I don’t know why, but watching the movie “Suze” reminded me of Amy Schumer’s skit featuring grande dames of comedy, Tina Fey, Patricia Arquette and Julia Louis-Dreyfus toasting the latter’s “last fuckable day” with champagne and pastries. There on screen was another beautiful actress of a certain age, Michaela Watkins, wiping sweat off her brow, popping Ambien and bidding farewell to her youthful vitality.

But instead of cheers and collegial laughter, the title character in “Suze,” who prefers to be called “Susan,” is making the transition into perimenopause in isolation.

“What if I don’t want things to wind down?” Susan pleads with her doctor, who offers little relief in the midst of her coinciding crises of hormonal imbalance and loss of her only daughter, Brooke (Sara Waislass) as she departs for college.

Written and directed by the husband-and-wife team Dane Clark and Linsey Stewart, “Suze” delves into the sorrow of abandonment and the transformative power of human connection.

Watkins is the emotional center of the film, with her warmth and relatability.
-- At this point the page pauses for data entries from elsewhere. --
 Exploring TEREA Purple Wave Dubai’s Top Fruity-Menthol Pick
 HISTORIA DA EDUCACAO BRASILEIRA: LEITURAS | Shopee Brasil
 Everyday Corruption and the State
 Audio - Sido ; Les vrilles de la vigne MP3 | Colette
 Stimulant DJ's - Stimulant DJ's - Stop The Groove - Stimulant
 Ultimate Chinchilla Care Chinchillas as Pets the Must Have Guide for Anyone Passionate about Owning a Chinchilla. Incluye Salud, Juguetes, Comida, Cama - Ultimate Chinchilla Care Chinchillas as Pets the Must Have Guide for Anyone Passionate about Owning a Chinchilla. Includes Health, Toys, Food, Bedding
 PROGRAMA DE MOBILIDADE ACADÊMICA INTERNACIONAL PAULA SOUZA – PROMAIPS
Most of the low-key comedy derives from scenes with Brooke’s ex-boyfriend, Gage, played by Charlie Gillespie as a lovable goofball whose heart is also broken with Brooke’s departure.

“It’s kinda funny, huh, Suze,” he says using her unwanted nickname. “How we both got left by the same person.”

“Yeah,” she replies. “It’s hilarious.”

For most of the film, Watkins plays the scorned woman, wounded and desperate and sometimes wearing out the “empty-nester” trope of leaving one unanswered message after another on her daughter’s voicemail.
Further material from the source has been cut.